* **Exercise directions**
The entries are to be reproduced word for word, with all images left out.

Data items
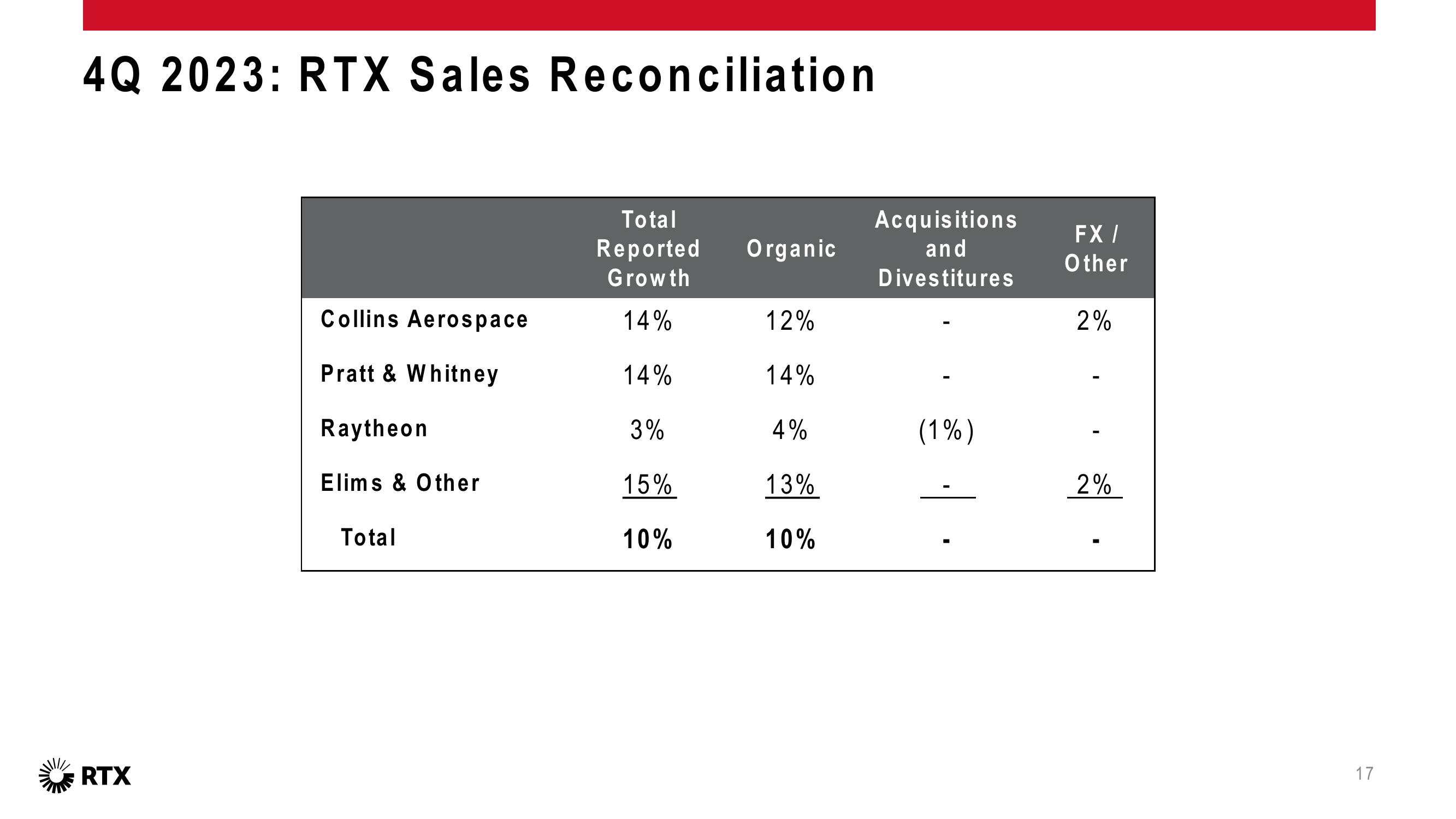 4Q 2023 Earnings Conference Call slide image #18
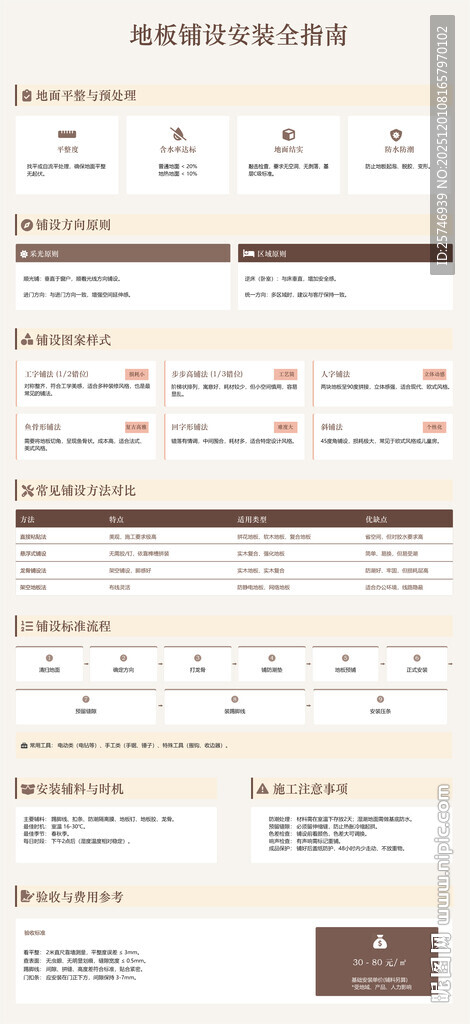 地板铺设安装全指南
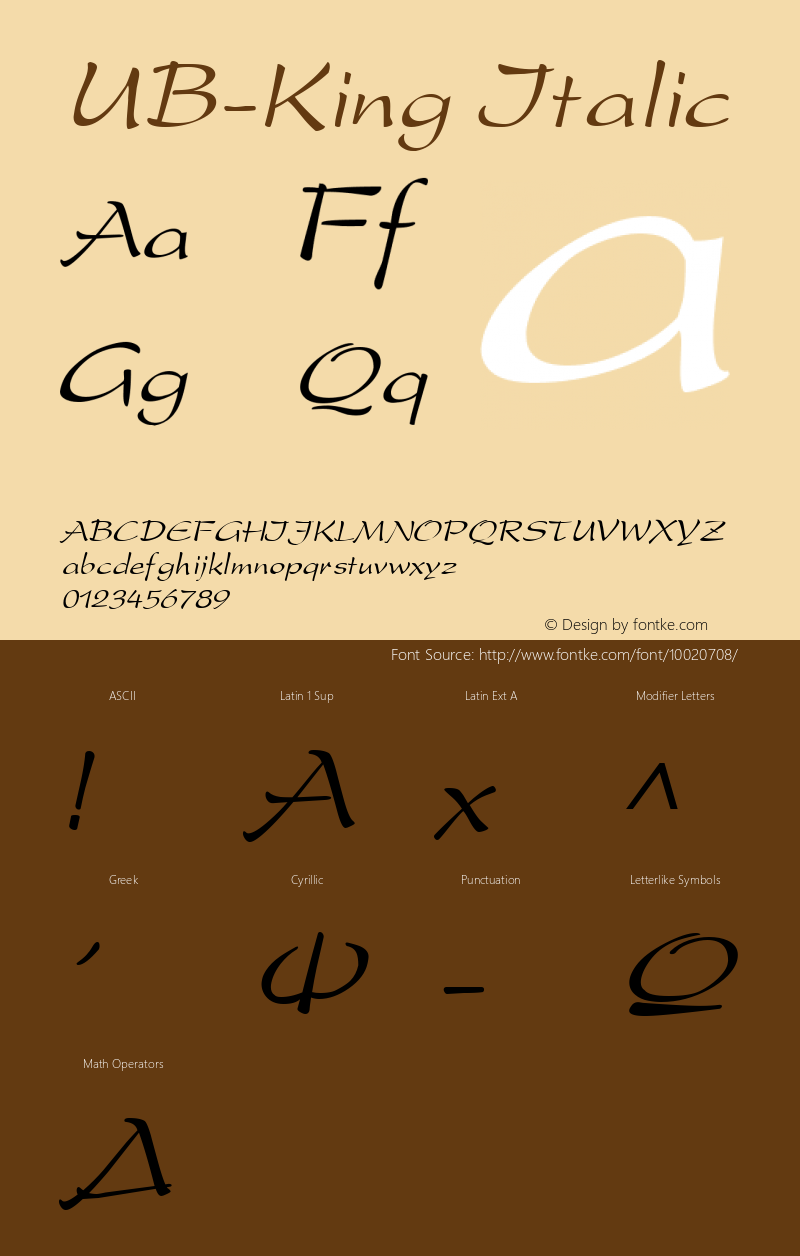 UB-King Italic March 1996 Version 4.0 Font Sample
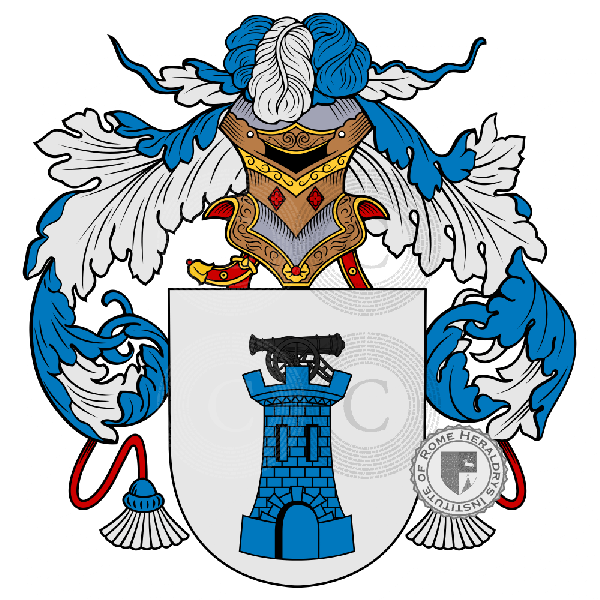 Coat of arms of family Miler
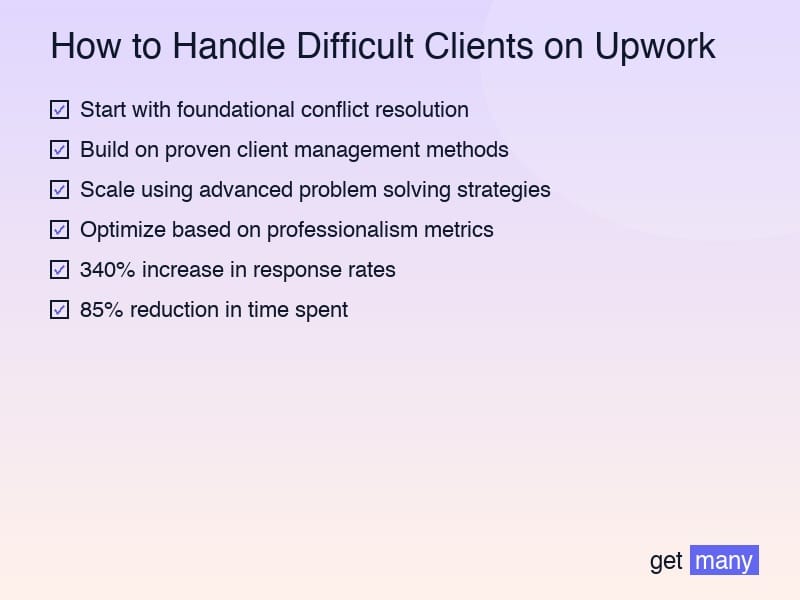 Framework infographic for The Hidden Cost of Ignoring How to Handle Difficult Clients on Upwork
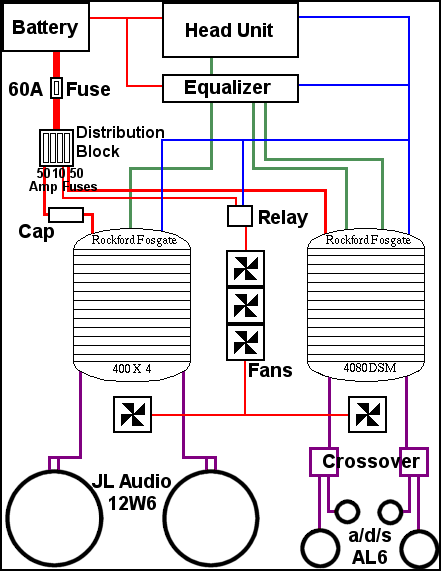Electric Car Audio Project Wiring Diagram – Circuit Schematic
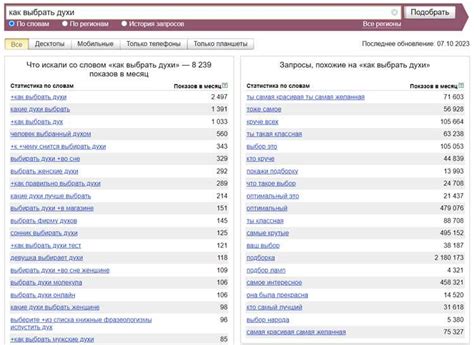 Шаг 3. Публикация интересного контента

* **Final answer**
 4Q 2023 Earnings Conference Call slide image #18
 地板铺设安装全指南
 UB-King Italic March 1996 Version 4.0 Font Sample
 Coat of arms of family Miler
 Framework infographic for The Hidden Cost of Ignoring How to Handle Difficult Clients on Upwork
Electric Car Audio Project Wiring Diagram – Circuit Schematic
 Шаг 3. Публикация интересного контента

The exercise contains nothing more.